Valle-Inclán's work, for example, Divine Words and Bohemian Lights attacks what he saw as the hypocrisy, moralising and sentimentality of the bourgeois playwrights, satirises the views of the ruling classes and targets in particular concepts such as masculine honour, militarism, patriotism and attitudes to the Crown and the Roman Catholic Church. His drama also featured irreverent portrayal of figures from Spain's political past and deployed crude, obscene language and vulgar imagery in a mocking attack on theatrical blandness.
In addition to being politically subversive, though, Valle-Inclán's plays often required staging and direction that went far beyond the abilities of many companies working in the commercial theatre, often featuring complex supernatural special effects and rapid, drastic changes of scene.

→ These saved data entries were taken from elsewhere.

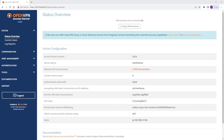In this video, we're looking at how to configure LDAP authentication on our access server. We have a Windows server, a domain controller on our network that we want to use as the identity provider. Our access server and Windows server are both in the same location.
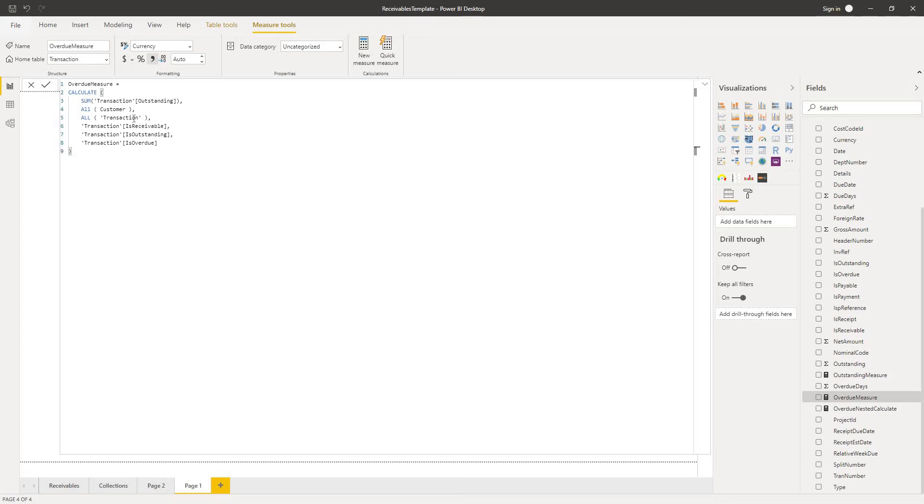So why don't I just do calculate and for the expression put in the outstanding measure that I've already got and then just add in this additional is overdue condition. So let's take a look at the effect of doing that.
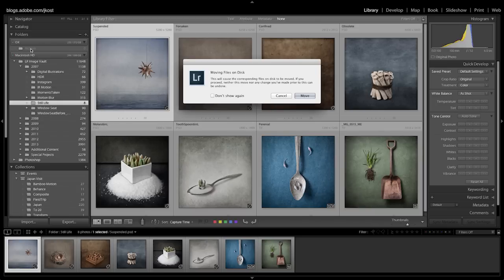You'll notice that Lightroom warns me that it's actually moving those files on disk. This is a little bit unlike your operating system. Your operating system typically would make a copy or a duplicate of those files on the external drive, but Lightroom is actually going to move them for you.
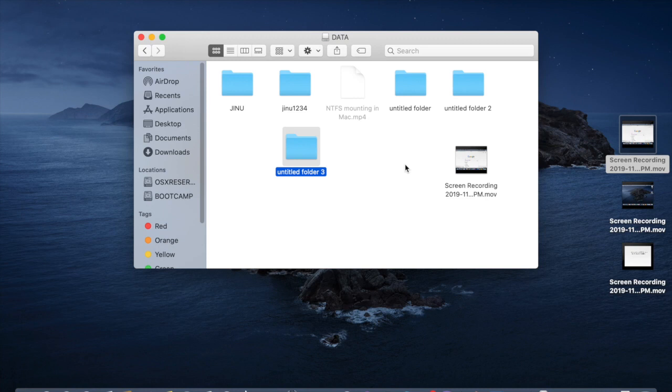This is how we are mounting an NTFS drive as read and write. That's all for today, thank you for watching my video, please do subscribe for more videos.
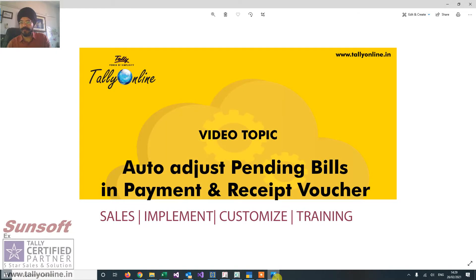This is your host Sonny Bhatia from Tally Online. Today we are going to discuss an add-on for auto adjusting pending bills.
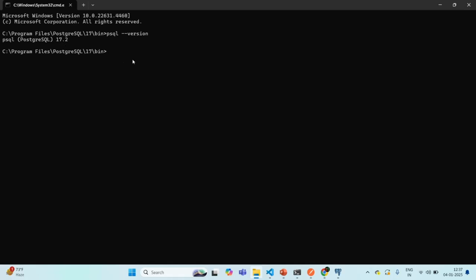There is also another CLI called pg_ctl, which stands for PostgreSQL Control. We use this for starting, stopping, or restarting the PostgreSQL server. If I run pg_ctl --version, it gives us the version of the PostgreSQL control utility. Using pg_ctl, we can start, stop, or restart the PostgreSQL server.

For this reason, some of his works are regarded as closet dramas.
Valle-Inclán also wrote major novels including the Tyrant Banderas, which was influential on the Latin American 'dictator' novel, although it was received with disdain by many Spanish American authors, Rufino Blanco Fombona for example, pokes fun of "the America of tambourine" of that novel where you could be in the jungle one day and the Andes the next. Some critics view him as being the Spanish equivalent to James Joyce; however, due to a lack of translations his work is still largely unknown in the English-speaking world, although his reputation is slowly growing as translations are produced.